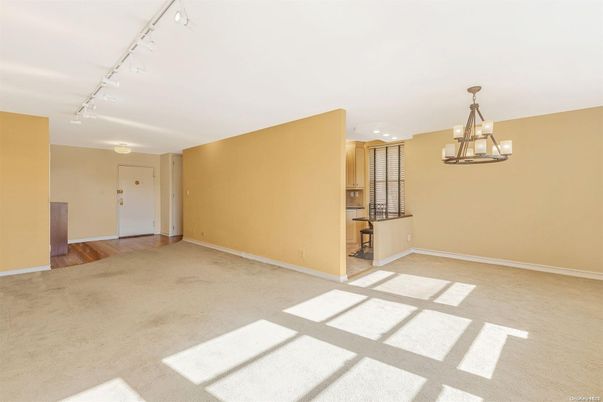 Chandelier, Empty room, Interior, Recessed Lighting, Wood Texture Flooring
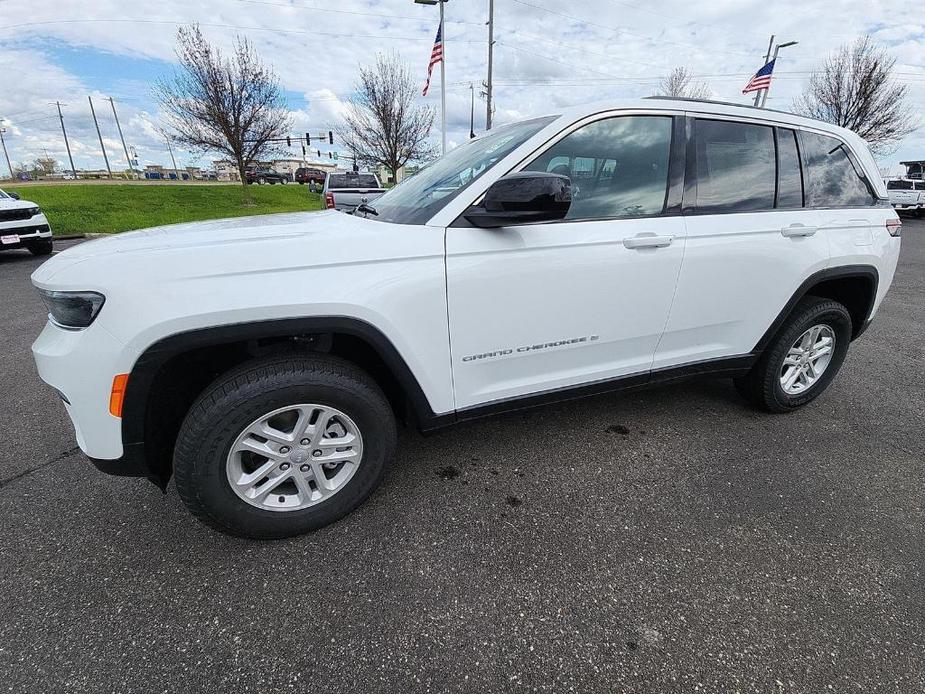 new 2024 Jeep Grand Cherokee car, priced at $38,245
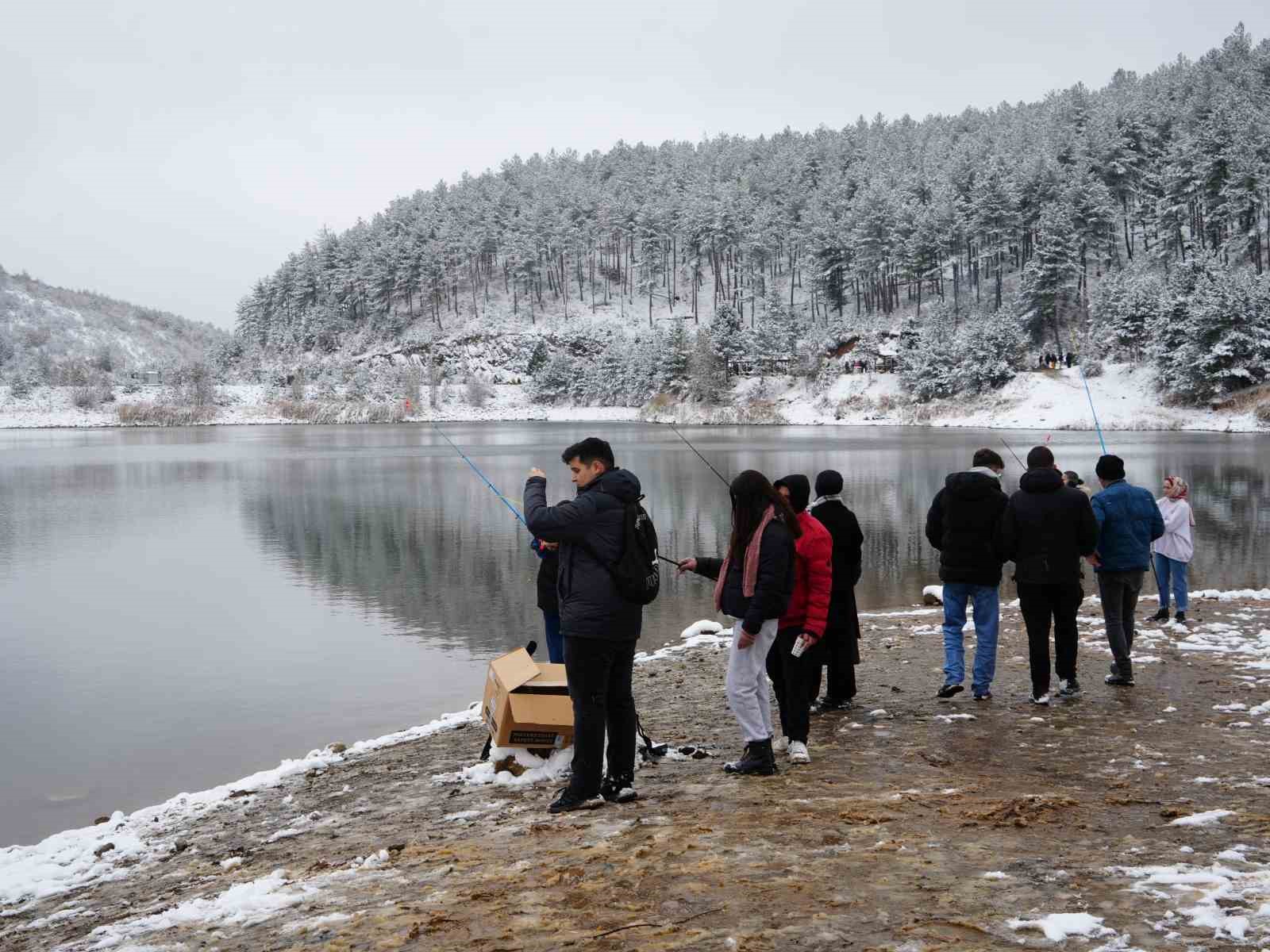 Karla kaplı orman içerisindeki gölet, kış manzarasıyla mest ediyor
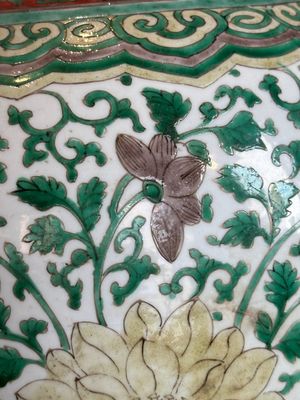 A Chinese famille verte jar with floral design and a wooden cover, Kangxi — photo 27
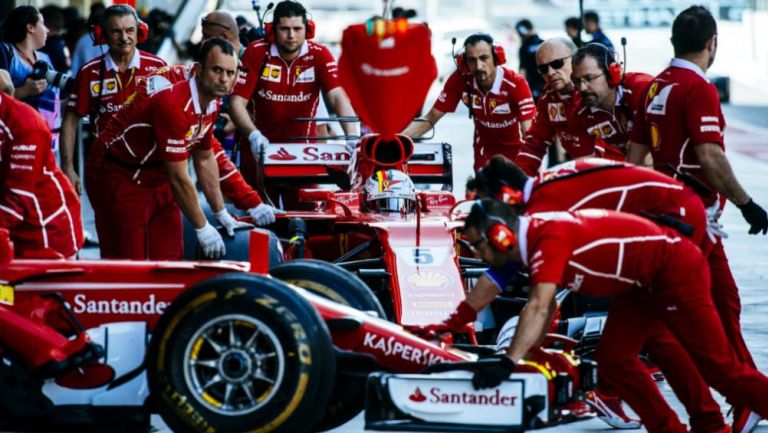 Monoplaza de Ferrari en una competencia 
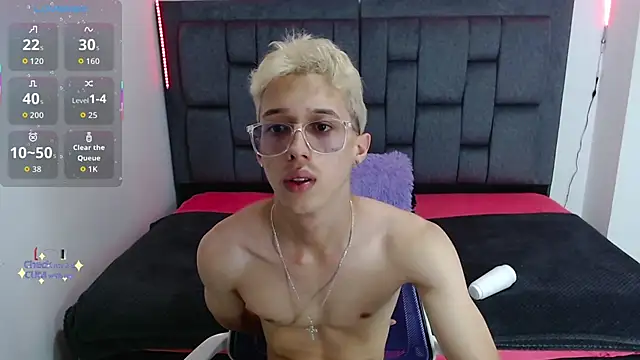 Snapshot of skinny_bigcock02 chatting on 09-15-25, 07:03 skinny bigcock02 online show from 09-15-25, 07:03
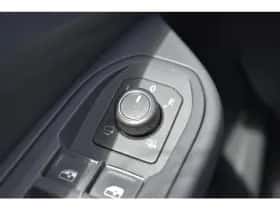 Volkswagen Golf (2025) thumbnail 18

==

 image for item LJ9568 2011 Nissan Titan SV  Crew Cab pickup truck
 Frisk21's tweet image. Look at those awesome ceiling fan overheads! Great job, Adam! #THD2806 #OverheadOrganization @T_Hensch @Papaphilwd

▸ **Exercise details**: Above are the records. Copy word for word only their lines from the one holding "Chandelier, Empty room, Interior, Recessed" through the one holding "Volkswagen Golf (2025) thumbnail 18", both included, and skip the images.

▸ **Expected answer**:
 Chandelier, Empty room, Interior, Recessed Lighting, Wood Texture Flooring
 new 2024 Jeep Grand Cherokee car, priced at $38,245
 Karla kaplı orman içerisindeki gölet, kış manzarasıyla mest ediyor
 A Chinese famille verte jar with floral design and a wooden cover, Kangxi — photo 27
 Monoplaza de Ferrari en una competencia 
 Snapshot of skinny_bigcock02 chatting on 09-15-25, 07:03 skinny bigcock02 online show from 09-15-25, 07:03
 Volkswagen Golf (2025) thumbnail 18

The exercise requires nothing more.